[Opening Records shown section]
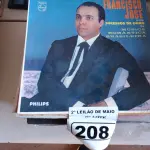 LOTE 208 - 01 LOTE COM VÁRIOS DISCOS DE VINIL. (NO ESTADO) ATENÇÃO! FAZER A VISITAÇÃO ANTES DE ARREMATAR, NÃO SABEMOS SE FUNCIONA. LEILÃO NÃO TEM GARANTIA E NEM DEVOLUÇÃO, SUJEITO A POSSÍVEIS AVARIAS VISÍVEIS/OCULTAS E/OU AUSÊNCIA DE COMPONENTES.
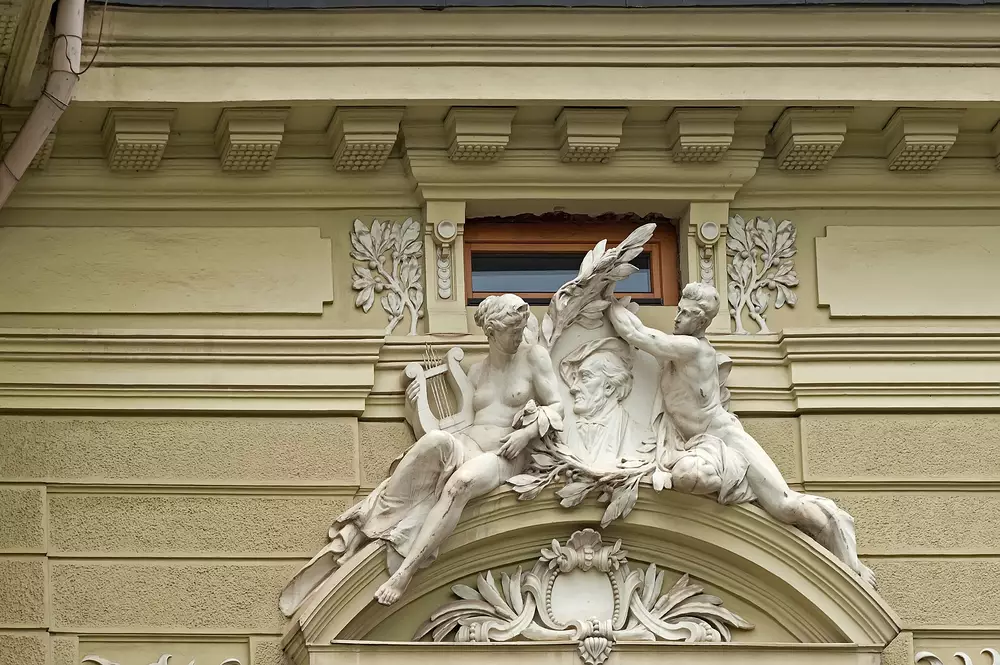 Архітектурний елемент драматичного фасаду Чернівецького драматичного театру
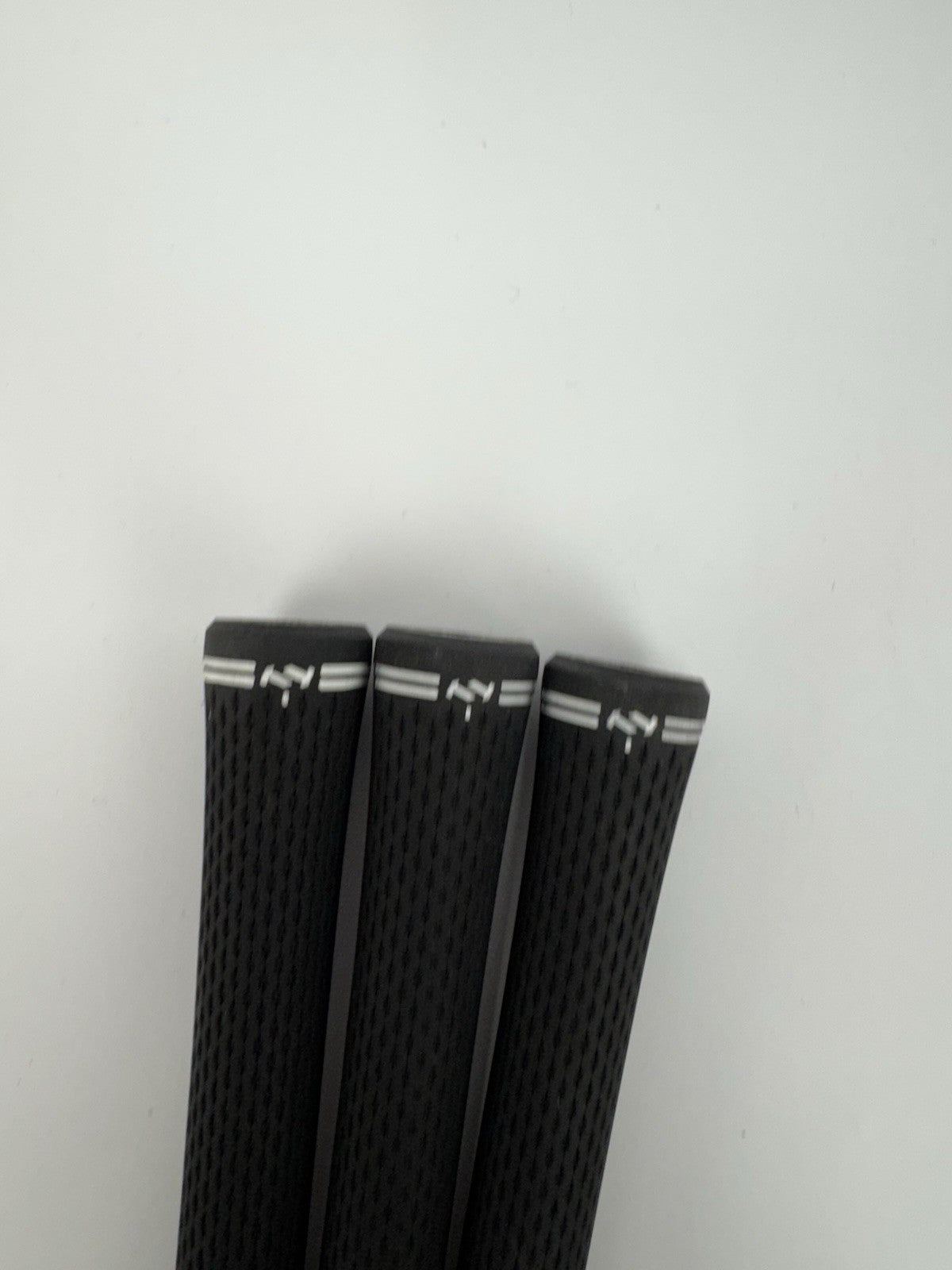 True Temper Golf Grips (3) Icon Mens Standard /Black/White /Pulled /312343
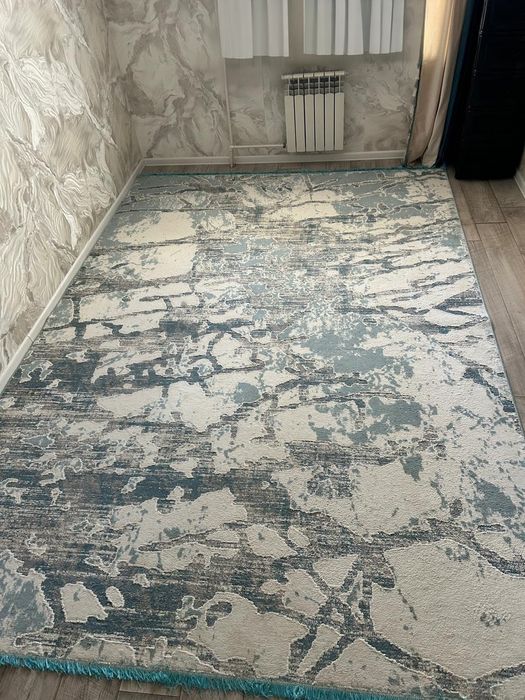 Продам холодильник и ковер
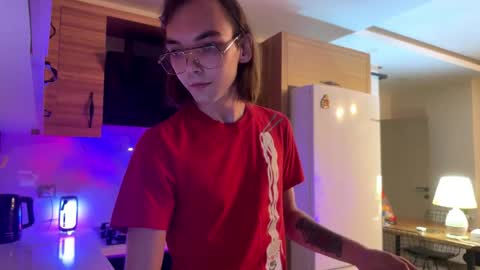 Marco online show from 09.29.25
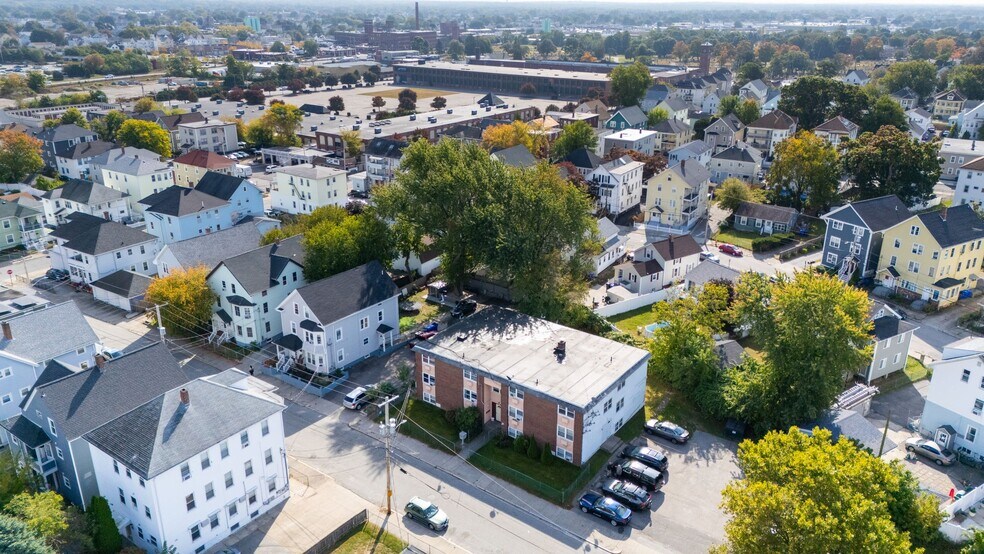 More Photos Of 25 Margaret St, Pawtucket Apartments For Sale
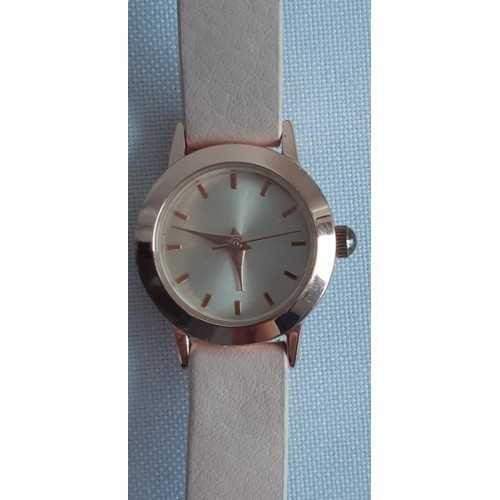 Часы наручные женские с длинным ремнем Bijou Rigitte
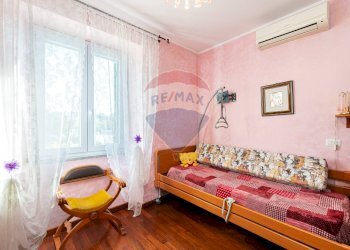 Camera / camera da letto - Quadrilocale VIA ANIENE
 
28/A, Guidonia Montecelio - foto 10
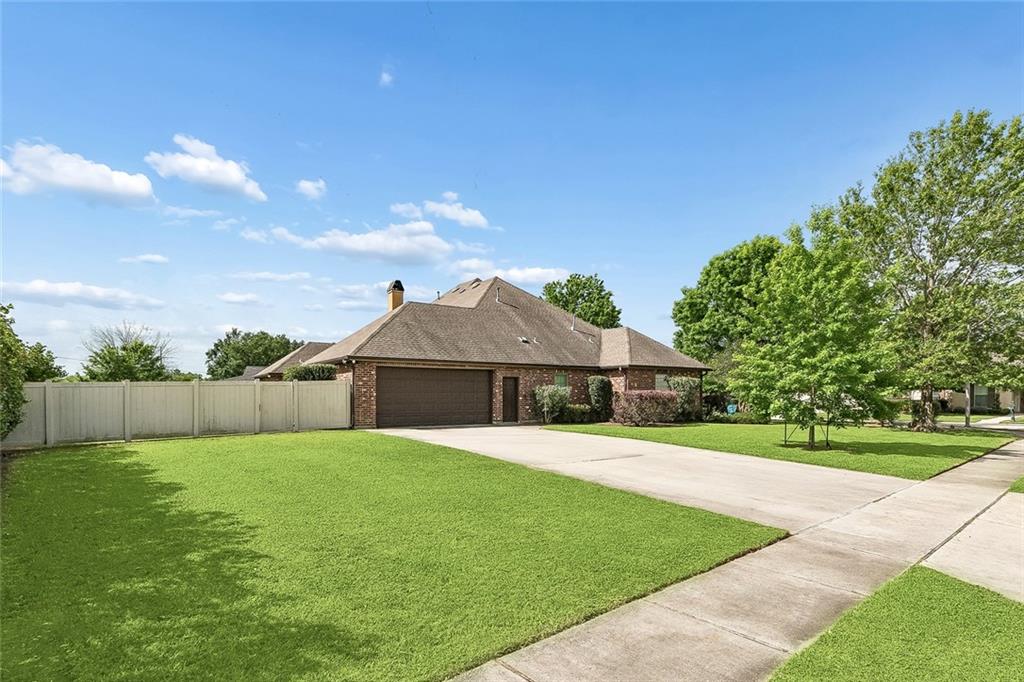 207 LAC VERRET Drive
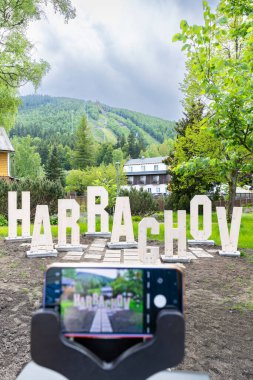 Krkonose dağlarındaki Harrachov işaretini yakalayan akıllı telefon ekranı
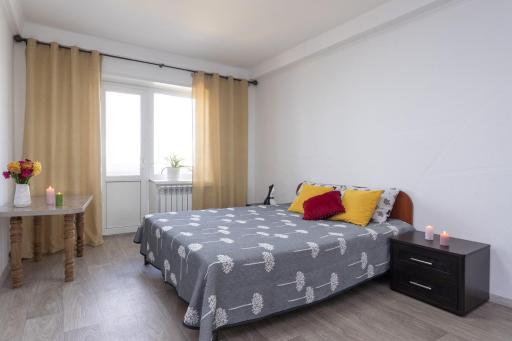 Світла, комфортна квартира біля метро Мінська - Housity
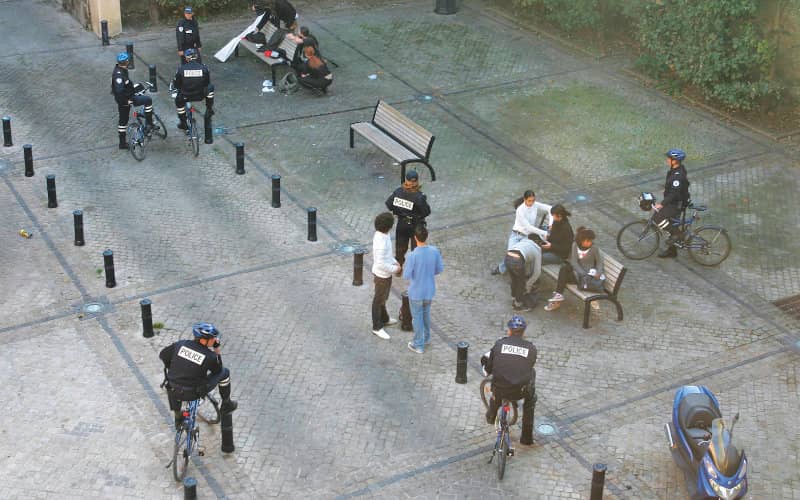 Paris Police Launch System to Verify Identities of Suspected Underage Maghreb Migrants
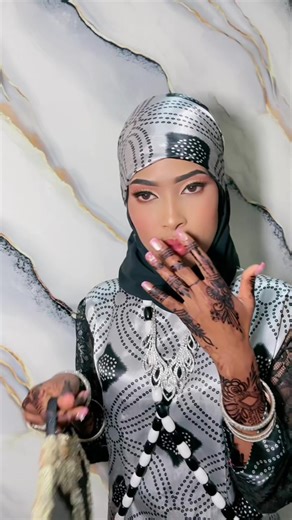 Isku Qurxin Qali oo 100$ ah - Barashada Make-up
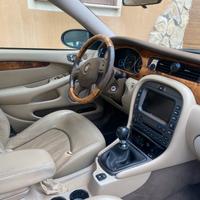 Jaguar x taip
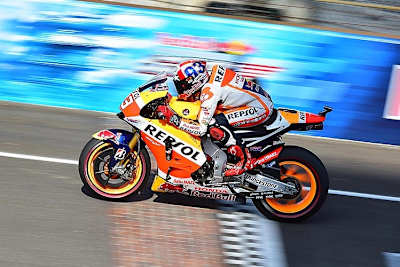 Marc Márquez überquert den legendären Brickyard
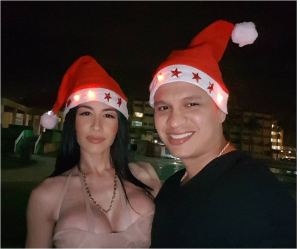 Diosa Canales pasó la Navidad en la piscina y dio un “regalito navideño” a todos sus seguidores  (Foto + pecho)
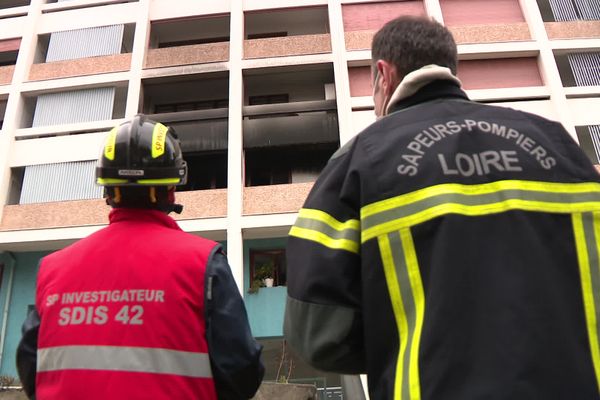 Un appartement situé au 2e étage de cet immeuble à Saint-Chamond a pris feu vers 4h40 ce lundi 15 novembre. Une dame de 68 ans est en urgence absolue.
[Closing Records shown section]
Problem details: Set down all the data again exactly as above, pictures excluded.

Task output:
 LOTE 208 - 01 LOTE COM VÁRIOS DISCOS DE VINIL. (NO ESTADO) ATENÇÃO! FAZER A VISITAÇÃO ANTES DE ARREMATAR, NÃO SABEMOS SE FUNCIONA. LEILÃO NÃO TEM GARANTIA E NEM DEVOLUÇÃO, SUJEITO A POSSÍVEIS AVARIAS VISÍVEIS/OCULTAS E/OU AUSÊNCIA DE COMPONENTES.
 Архітектурний елемент драматичного фасаду Чернівецького драматичного театру
 True Temper Golf Grips (3) Icon Mens Standard /Black/White /Pulled /312343
 Продам холодильник и ковер
 Marco online show from 09.29.25
 More Photos Of 25 Margaret St, Pawtucket Apartments For Sale
 Часы наручные женские с длинным ремнем Bijou Rigitte
 Camera / camera da letto - Quadrilocale VIA ANIENE
 
28/A, Guidonia Montecelio - foto 10
 207 LAC VERRET Drive
 Krkonose dağlarındaki Harrachov işaretini yakalayan akıllı telefon ekranı
 Світла, комфортна квартира біля метро Мінська - Housity
 Paris Police Launch System to Verify Identities of Suspected Underage Maghreb Migrants
 Isku Qurxin Qali oo 100$ ah - Barashada Make-up
 Jaguar x taip
 Marc Márquez überquert den legendären Brickyard
 Diosa Canales pasó la Navidad en la piscina y dio un “regalito navideño” a todos sus seguidores  (Foto + pecho)
 Un appartement situé au 2e étage de cet immeuble à Saint-Chamond a pris feu vers 4h40 ce lundi 15 novembre. Une dame de 68 ans est en urgence absolue.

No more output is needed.